The FAIR principles provide excellent handles for data management planning:

To ensure Findability,

  • select a data repository at an early stage and check out its data format and metadata requirements;
  • make sure the data can get a persistent identifier so that it can be cited;
  • maybe select a catalogue to make your data more findable, especially if the repository is more generic in nature.

To ensure Accessibility,

  • guarantee longevity of the data (e.g., by submitting it to a repository that has a certification like the Data Seal of Approval or an ISO certification);
  • check and describe the legal conditions under which the data can be made available (this is generally easier to do before you have collected and interpreted the data);
  • establish an embargo period if necessary;
  • make sure your ICT infrastructure will keep the data available even in case of equipment failure or human error.

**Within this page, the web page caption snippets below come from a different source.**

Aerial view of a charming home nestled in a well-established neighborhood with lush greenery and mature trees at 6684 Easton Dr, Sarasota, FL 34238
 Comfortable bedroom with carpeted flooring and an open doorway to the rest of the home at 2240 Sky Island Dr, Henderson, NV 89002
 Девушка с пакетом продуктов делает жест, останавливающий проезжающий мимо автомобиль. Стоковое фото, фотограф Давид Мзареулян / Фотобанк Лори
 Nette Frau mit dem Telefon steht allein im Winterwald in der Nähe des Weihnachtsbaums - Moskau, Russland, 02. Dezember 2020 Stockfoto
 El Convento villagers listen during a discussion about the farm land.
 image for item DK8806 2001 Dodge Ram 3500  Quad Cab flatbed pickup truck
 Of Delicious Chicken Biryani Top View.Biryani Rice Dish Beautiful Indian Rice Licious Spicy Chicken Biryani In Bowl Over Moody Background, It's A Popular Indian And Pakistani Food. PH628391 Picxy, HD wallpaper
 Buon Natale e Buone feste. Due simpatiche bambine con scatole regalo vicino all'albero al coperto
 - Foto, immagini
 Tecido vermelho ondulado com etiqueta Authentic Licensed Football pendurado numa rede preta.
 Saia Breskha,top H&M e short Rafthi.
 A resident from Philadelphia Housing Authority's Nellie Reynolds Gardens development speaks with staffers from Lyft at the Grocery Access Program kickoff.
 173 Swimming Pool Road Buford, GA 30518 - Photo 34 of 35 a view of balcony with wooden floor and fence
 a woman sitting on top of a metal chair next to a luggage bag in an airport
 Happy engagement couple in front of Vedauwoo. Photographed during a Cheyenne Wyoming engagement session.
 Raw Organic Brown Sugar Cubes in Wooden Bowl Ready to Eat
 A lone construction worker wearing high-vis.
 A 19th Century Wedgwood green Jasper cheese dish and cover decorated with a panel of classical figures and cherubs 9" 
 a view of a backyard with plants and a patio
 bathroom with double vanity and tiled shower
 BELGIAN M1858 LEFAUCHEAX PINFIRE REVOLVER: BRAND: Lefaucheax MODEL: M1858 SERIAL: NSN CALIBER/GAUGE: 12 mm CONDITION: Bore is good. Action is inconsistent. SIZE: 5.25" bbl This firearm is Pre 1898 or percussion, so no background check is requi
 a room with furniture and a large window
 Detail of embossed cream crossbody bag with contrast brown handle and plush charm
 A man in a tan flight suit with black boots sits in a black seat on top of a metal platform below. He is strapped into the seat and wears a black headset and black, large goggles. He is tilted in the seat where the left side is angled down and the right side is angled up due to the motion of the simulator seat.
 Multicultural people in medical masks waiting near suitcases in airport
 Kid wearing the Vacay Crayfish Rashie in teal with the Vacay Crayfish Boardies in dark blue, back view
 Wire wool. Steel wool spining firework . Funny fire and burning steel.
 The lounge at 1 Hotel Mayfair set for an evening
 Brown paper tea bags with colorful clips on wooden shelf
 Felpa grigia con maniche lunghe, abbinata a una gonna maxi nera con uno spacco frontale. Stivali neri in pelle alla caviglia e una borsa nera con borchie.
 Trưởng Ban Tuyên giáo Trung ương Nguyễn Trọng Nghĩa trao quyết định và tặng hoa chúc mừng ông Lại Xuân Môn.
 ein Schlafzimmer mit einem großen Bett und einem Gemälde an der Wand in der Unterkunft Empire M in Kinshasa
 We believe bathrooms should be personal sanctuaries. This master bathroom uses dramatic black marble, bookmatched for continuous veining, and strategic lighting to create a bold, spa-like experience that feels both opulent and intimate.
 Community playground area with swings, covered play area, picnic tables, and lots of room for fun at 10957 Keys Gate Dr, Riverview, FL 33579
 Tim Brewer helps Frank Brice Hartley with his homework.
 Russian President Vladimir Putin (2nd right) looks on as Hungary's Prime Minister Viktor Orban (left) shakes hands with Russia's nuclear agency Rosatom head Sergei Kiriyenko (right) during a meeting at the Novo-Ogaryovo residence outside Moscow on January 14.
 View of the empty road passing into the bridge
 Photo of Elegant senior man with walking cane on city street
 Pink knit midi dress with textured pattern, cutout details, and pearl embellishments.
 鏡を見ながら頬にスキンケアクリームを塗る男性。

To ensure Interoperability,

  • select commonly used data formats;
  • select commonly used vocabularies for data items.

To ensure Reusability,

  • make sure you keep proper provenance information (i.e., details about how and where the data was generated, including machine settings, and details about all processing steps, such as the software tools with their versions and parameters);
  • select the right minimal metadata standard and collect the necessary metadata (many minimal metadata standards are included in ELIXIR’s biosharing.org repository);
  • select a license for the data (preferably an open license) and the associated software tools;
  • make sure the important conclusions of your study will not only be available in a paper in narrated form, but also in a digital file (e.g., a nanopublication).